Privacy Officers: A Regulated Profession?
A conversation about privacy and ethics last week led to an intriguing thought: should privacy officers become self-regulated?
There are organizations that represent the “profession”: the International Association of Privacy Professionals (“IAPP”) is probably the most recognizable and one that should be commended for advancing the interests of its membership through education and networking opportunities. In Canada, there is also the Canadian Association of Professional Access and Privacy Administrators (“CAPAPA”), perhaps lesser known but no less dedicated to assisting its membership. Both either have or are establishing certification programs. Job offerings for privacy officers often call for some sort of privacy certification as a desirable attribute in candidates and privacy officers have responded by seeking such designations. In short, privacy has made enormous strides in professionalism in a short period of time (recognizing that public sector access/privacy officers have existed since at least the 1970s).
But no matter the degree of professionalism, privacy officers in public and private sector organizations “represent” the organization. A rough analogy might be made to “workplace safety officers”, some of whom do very good jobs mediating the interests of workers in ensuring a safe workplace but also are firmly on the management side of the equation.
How do these “good officers” get the balance right? I suspect in large part, leaving workplace politics and strict legal compliance aside, because they ask, “what’s the right thing to do?” In other words, ethics plays a part. By “ethics”, I mean, standards of right and wrong coupled with personal conduct and judgment.
So why a regulated profession? Two thoughts converge here. First, the advent of data protection laws in Canada, including the eventual spread of breach notification requirements, clearly puts privacy as a societal value to be respected, arguably buttressed by numerous public surveys on the subject. This inserts a “public interest” into the collection, use and disclosure of personal information.
Second, accounting for a “public interest” has evolved as a core feature of self-regulated professions – at least in the view of the Supreme Court of Canada: See Rocket v. Royal College of Dental Surgeons of Ontario,  2 S.C.R. 232 and Pearlman v. Manitoba Law Society Judicial Committee,  2 S.C.R. 869. If the public expects ethical behaviour from privacy officers (and the organizations that employ them), how is that to be enforced?
One has to bear in mind that protecting the “public interest” in self-regulated professions reflects a form of social compact: the profession is granted the right to regulate itself on the understanding that it will do so in the public interest. In holding licensed members of the profession to standards that recognize and protect the public interest, the profession self-regulates by determining those who are fit to be licensed. As any professional is well aware, licenses that have been granted may be withdrawn or restricted.
Most people think of doctors, lawyers and accountants as regulated professions. In Canada, professional licensing is a provincial responsibility and, in Ontario, according to this source, there are 38 regulated professions, ranging from the health professions to others I wouldn’t have immediately thought of as regulated professions: foresters, geoscientists, drugless therapy/naturopathy and social workers. Adding privacy officers to such a list is not a far-fetched notion.
Privacy officers do bring a specialized combination of knowledge and skills to the table. If the protection of privacy is in the public interest, arguably this places a duty on a member above personal interest or gain. Knowledge, skill and duty are key words that make a profession one worthy of consideration as a self-regulated profession.
Self-regulation goes beyond certification into licensing. I’ve always thought certification is designed to strengthen the profession itself while licensing is designed to protect the public. Licensing a profession brings with it a number of responsibilities but, for the purposes of this posting, two come to mind: (1) compliance with a Code of Ethics, which exists, in part, to govern a professional’s relationships with the public, clients and other professionals; and (2) a responsibility on the part of the profession to regulate its own members.
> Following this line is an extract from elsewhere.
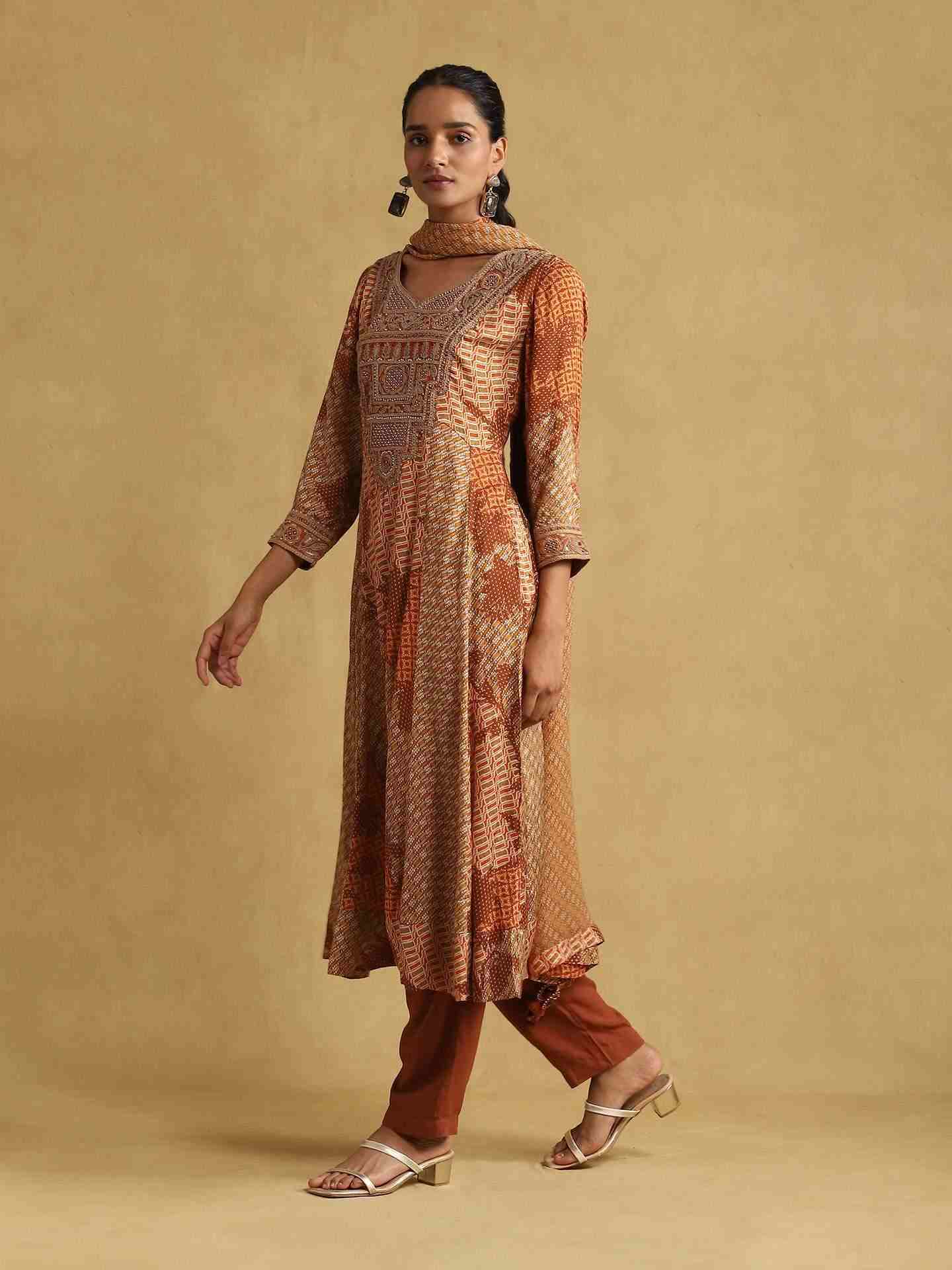 Rust Ava Anarkali Suit Set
Compliance with such a Code would respects the social needs of individuals – of all degrees of vulnerability – to the adverse effects of insufficient privacy rather than just blanket compliance with statutes or technical standards.
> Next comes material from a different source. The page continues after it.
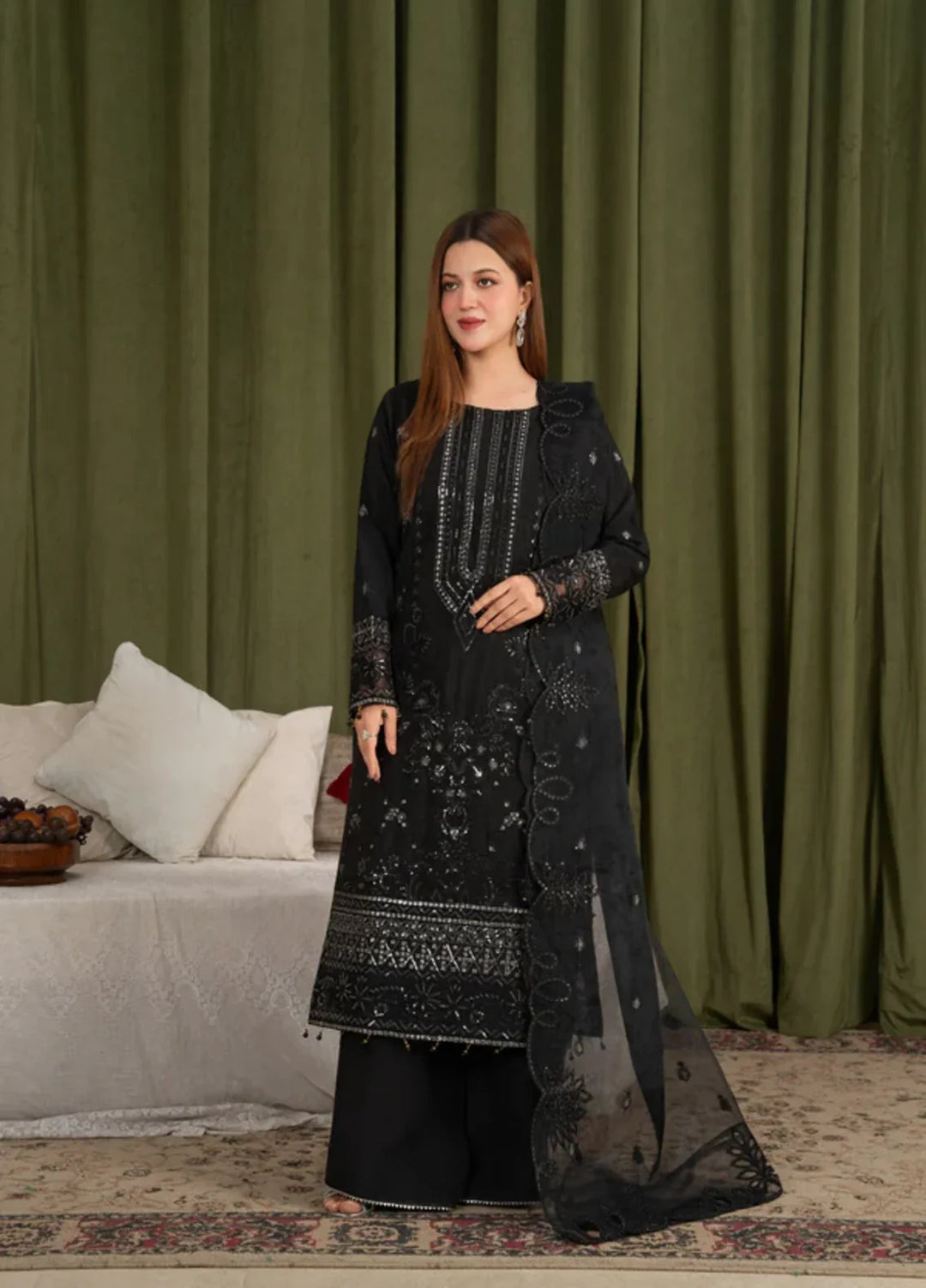 Sehrish by Maherposh RTW Embroidered Viscose Raw Silk 3 Piece Suit MP-SR-02 NOIR ELEGANCE Festive Collection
Self-regulation, therefore, brings the enforcement component to bear on the ethical obligations of members of the profession, arguably making the protection of privacy a goal to which the profession dedicates itself rather than just a career specialization for the profession’s membership. (Or, as one person suggested to me, preventing title inflation for executives who have CPO added to their other employment duties by CEOs looking to “park” privacy “somewhere”.)
To the extent, privacy officers serve as an interface between the public and organizations, public trust would certainly be enhanced if there was the knowledge of an enforceable ethics requirement behind the conduct of the privacy officer and a requirement that privacy professionals act according to principles that serve the public interest.
Admittedly, this is a somewhat radical idea but given the changes in the profession over the last 10 years, who knows what might happen?